I watched (again!) the "Naked Pilgrim" and was struck how Sewell was visibly moved by his interactions with the various pilgrims en route. The last encounter (with the young French girls in Santiago) was especially deeply affecting.
now, i don't dish out gold-stars liberally, mrs ishmael...
but having perused the above-excerpted gem from the observer, i must give dear old diane "ten-outta-ten" for her superbly rankling resignation-letter, which - given the prevailing political notion that "nothing trumps the holocaust" - should be taken as a subtly provocative defence of her black constituents and a two-fingered salute to starmer.
the obsessive political correctitude of fashionable liberal progressivism has finally gotten right up abbott's left nostril - and as a woman not only of academic letters, but also racially diminished experience, she obviously felt that the journalistically pampered mr owolade needed a firm ticking-off from grandma.
indeed, i understand the high-living hackney mp's frustration, for in today's ultra-rightwing nazi-arming labour party, it certainly seems as though the slave-trade - in which jewish and african people were both complicit - never occurred...
much like the african blood-mineral-genocide - as orchestrated by the clintons, bushes, bidens, obamas, michels, cia, and eu - has never occurred.
of course, some afro-caribbeans - only half - jokingly suggest that it was the joos who got their beloved local mp black-balled - or maybe even moth-balled - however it was actually rightwing jews and their ultra-rightwing fellow-travellers on labour's frontbench who did for diane - precisely as they already have done for corbyn and his leftwing jewish comrades from the 'old labour' era, that dark distant dinosaurial time when socialism was still a thing.
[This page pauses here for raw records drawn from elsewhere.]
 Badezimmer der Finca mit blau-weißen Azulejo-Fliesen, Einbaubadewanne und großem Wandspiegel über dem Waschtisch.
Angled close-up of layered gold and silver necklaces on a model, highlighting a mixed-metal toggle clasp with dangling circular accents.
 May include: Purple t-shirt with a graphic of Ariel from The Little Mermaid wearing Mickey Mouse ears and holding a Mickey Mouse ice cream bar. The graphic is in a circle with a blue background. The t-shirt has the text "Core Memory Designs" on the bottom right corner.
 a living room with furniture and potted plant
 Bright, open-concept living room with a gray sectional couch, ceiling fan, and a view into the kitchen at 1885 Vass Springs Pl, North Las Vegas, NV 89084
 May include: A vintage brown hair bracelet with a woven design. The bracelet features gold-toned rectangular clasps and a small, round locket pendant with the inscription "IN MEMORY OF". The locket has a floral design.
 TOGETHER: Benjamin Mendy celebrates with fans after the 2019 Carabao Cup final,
i appreciate abbott's definition of racism as the physical curse from which one can never escape, yet i still sympathize with the increasingly abused, and assaulted, jews, especially those who live in hackney - where rabid anti-semitism, precipitated by my allegedly jewish appearance, has almost resulted in my murder.
according to the forde report, the british labour party is a rightwing racist shithole where blacks are roundly, and routinely, despised - therefore it should come as no surprise to learn that abbott and corbyn are leaving for party-pastures new.
well...we just can't have black members-of-parliament standing up for black people, now can we? whatever the fuck next?
you know, with his new strategy of promoting discount-democracy, starmer can't lose really...
ya, i hear that, in islington south, labour is offering two mps for the price of one.
perhaps, in order to redress his journalistic balance, mr olowade should entitle his next article the atlantic slave-trade: a fading footnote in the anus of history.
doesn't starmer realize how abbott's somewhat petty sacking-over-semantics is currently playing in britain's afro-caribbean community? no, of course not, because he's only interested in the jewish community...
however, should labour actually contrive to lose the black vote in hackney north, this exodus could have a serious knock-on effect against meg nazi in hackney south...
and with establishment-schmoozing greens now breathing right down hackney labour's complacently corrupt neck, the polls are ripe for revolution.
moreover, the oafish ousting of veteran leftwingers abbott and corbyn from their traditional political homestead may come at a very heavy electoral price for starmer, since nationally, labour's last remaining lefties - all true socialists and anti-war to the core - will simply never tolerate such an obnoxious level of political disrespect and degeneracy.
starmer's an incompetent neo-imperialist brute - and no doubt about it.
once again, the cia-controlled labour party is more interested in purging the left from its ranks than winning a general election.